Dans le monde d’un islamophobe, pour un Alexandre Bissonnette ou un Baruch Goldstein, le fait que les musulman·es soient une « race » ou non n’est pas important. Tout comme au siècle passé, pour les antisémites de tous poils, le fait que les juif·ves constituaient ou non une « race » importait peu ou carrément pas du tout.
Tout comme les victimes de l’attentat terroriste de la mosquée de Québec, les millions de victimes de l’antisémitisme, fléau millénaire, n’étaient pas tous issues de la même « race ». Est-ce que le fait qu’il y a des juif·ves issu·es de « races » différentes saurait confirmer l’inexistence de l’antisémitisme? Bien sûr que non!
Du judéo-bolchévisme à l’islamo-gauchisme
Selon le pouvoir nazi et la plupart des fascistes de l’époque précédant la Seconde Guerre mondiale, la grande participation des juif·ves dans les mouvances communistes semblait justifier leur ostracisation. D’autre part, si le communisme et ses adhérent·es méritaient une réponse aussi virulente, c’était parce qu’en réalité, le tout n’était qu’une cabale juive. Les juif·ves étaient, comme on le sait, des agent·es doubles prêt·es à subvertir, à tout moment, la nation de l’intérieur, la vraie menace à la démocratie et à l’État de droit.

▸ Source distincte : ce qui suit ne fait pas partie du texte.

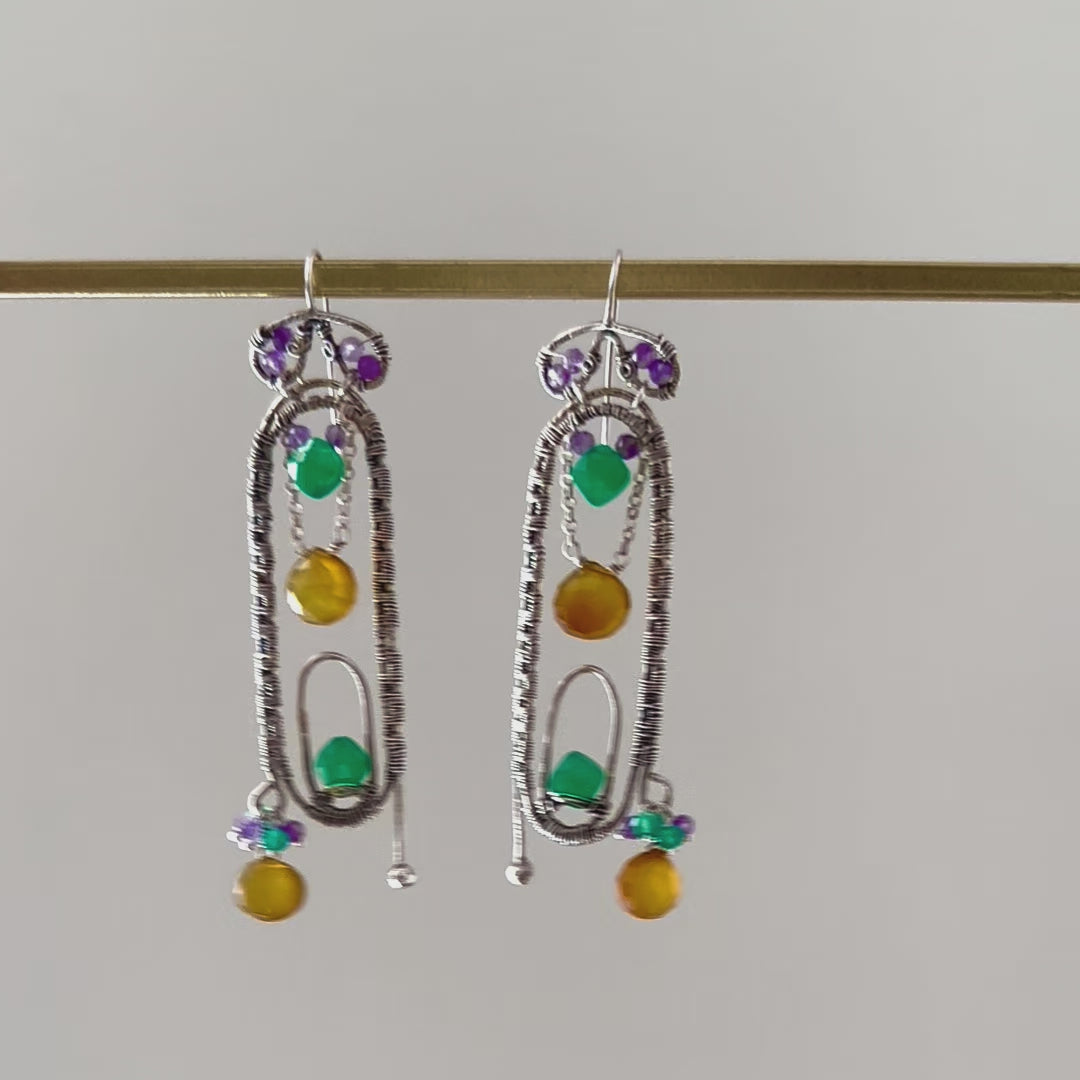 Sterling silver wire wrapped earrings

Dans son livre A Spectre Haunting Europe, Paul Hanebrink démontre qu’il n’y avait rien de logique ou de naturel au mythe du judéo-bolchévisme. Au contraire, c’était un pot-pourri de plusieurs mythes antisémites, tous plus outranciers les uns que les autres. Une idéologie, un système d’idées malléable selon les époques et les conjonctures politiques.
Aujourd’hui, tout comme l’antisémitisme, l’islamophobie, mobilise des clichés orientalistes et racistes sur les musulman·es : indignes de confiance, envahisseur·euses, machistes ou soumises, intolérant·es et dangereux·ses, etc.
Le discours islamophobe est aussi malléable selon les contextes : l’insécurité dans nos quartiers serait la faute des musulman·es et, a contrario, la rigidité des normes islamiques serait une menace à notre façon de vivre, à nos mœurs démocratiques.
Le juif ou musulman de Schrödinger, l’homme de paille des racistes d’hier comme aujourd’hui, est toujours fautif, même quand il ne l’est pas.
À l’époque actuelle, on utilise beaucoup de mots pour justifier et camoufler des discours qui n’ont cessé de se recycler depuis des siècles et dont l’apothéose a été le déferlement de haine de la Seconde Guerre mondiale. Plus que jamais, il faut garder la tête froide et se dire : si ça nage comme un raciste, si ça cancane comme un raciste, c’est qu’il s’agit sans doute d’un raciste!